This must be one of the more bizarre videos to accompany a scientific paper this year: an electric eel leaping out of a tank to shock a fake alligator head. The experiment, which demonstrates how eels react to half-submerged predators by leaping up out of water and administering defensive volleys of high-voltage electricity, is the brainchild of Kenneth Catania, a biologist at Vanderbilt University in Nashville, Tennessee.

Catania first spotted the behaviour during earlier laboratory experiments with electric eels (Electrophorus electricus), when they would leap upwards to attack a metal-rimmed net as he was trying to fish them out of their tanks. He analysed it by presenting the eels with carbon rods and aluminium plates at which they struck; the video’s plastic alligator, with its flashing light-emitting diodes that are powered by the eel’s electrocution, is his dramatic demonstration of the effect. The results are published this week in the Proceedings of the National Academy of Sciences.
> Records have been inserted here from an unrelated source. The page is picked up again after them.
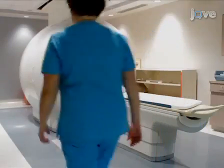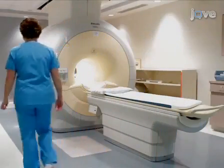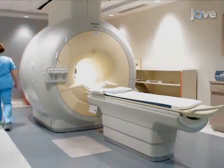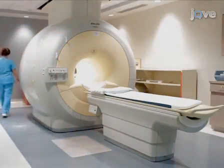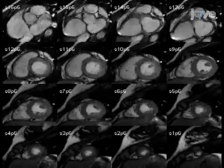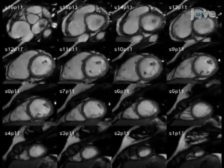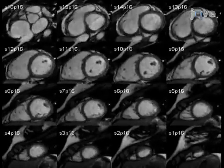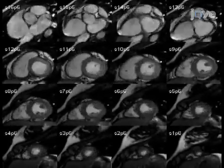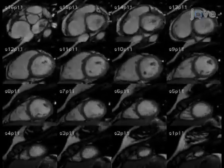The first step in the procedure is to acquire a standard cardiac MRI short axis sequence using a standard MRI machine with cardiac software. This is part of a standard protocol and no additional time-consuming tagging procedure is needed.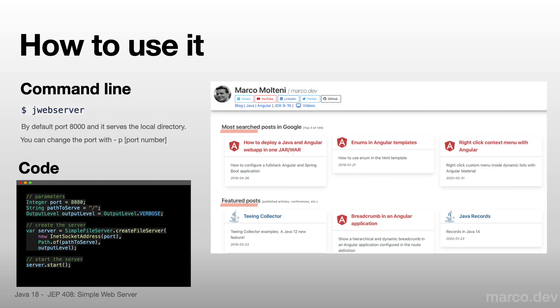In conclusion, I think that this is a pretty nice new feature in Java 18 that can help us during our development, in particular testing web front-ends. I love it.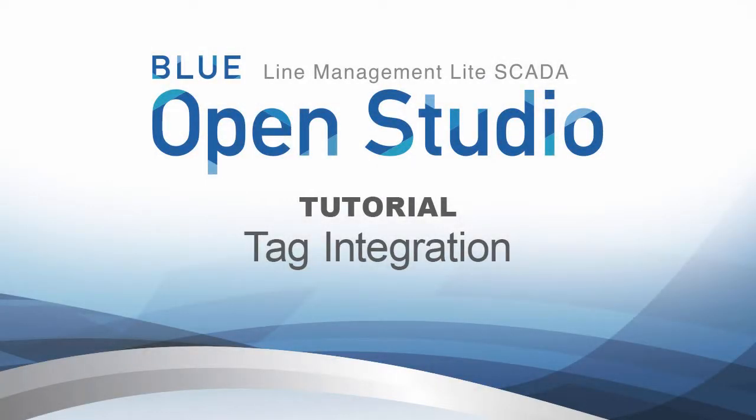Hello and welcome to the Blue Open Studio tutorial video series. The topic of this video will be tag integration.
The behaviour allows eels to directly shock their opponents, rather than having their voltage dissipated by water. It is the first time that this has been recorded in a research paper, Catania says — although he argues that his discovery supports a widely disbelieved observation made more than 200 years ago by the Prussian explorer and naturalist Alexander von Humboldt. In a paper published in 1807, von Humboldt recounted that he had seen South American native fishermen herding horses into a pool of electric eels; the eels would discharge themselves against the horses and could be fished safely when they were exhausted.

Historic leap

Harold Zakon, who studies electric fish at the University of Texas at Austin, says that the work is an attractive blend of science history and experimental science. “What makes Ken's paper so nice is that, like an eel, Ken made a leap: from a behaviour that he noticed to Humboldt's account. Then he did the experimental work to get the details,” he says.

Catania says that his latest work adds to findings that electric eels are more sophisticated than just being crude giant batteries that discharge shocks. For example, as he showed in research that made media headlines in 2014 and 2015, eels on the attack can use their electricity first to force prey to twitch, then — like a taser — to freeze the muscles of their victims, and finally to monitor fast-moving prey.

Catania doesn’t know what he’ll study next, but adds that one of the biggest questions about eels is still unresolved: no one knows how an eel can electrocute its victim without shocking itself.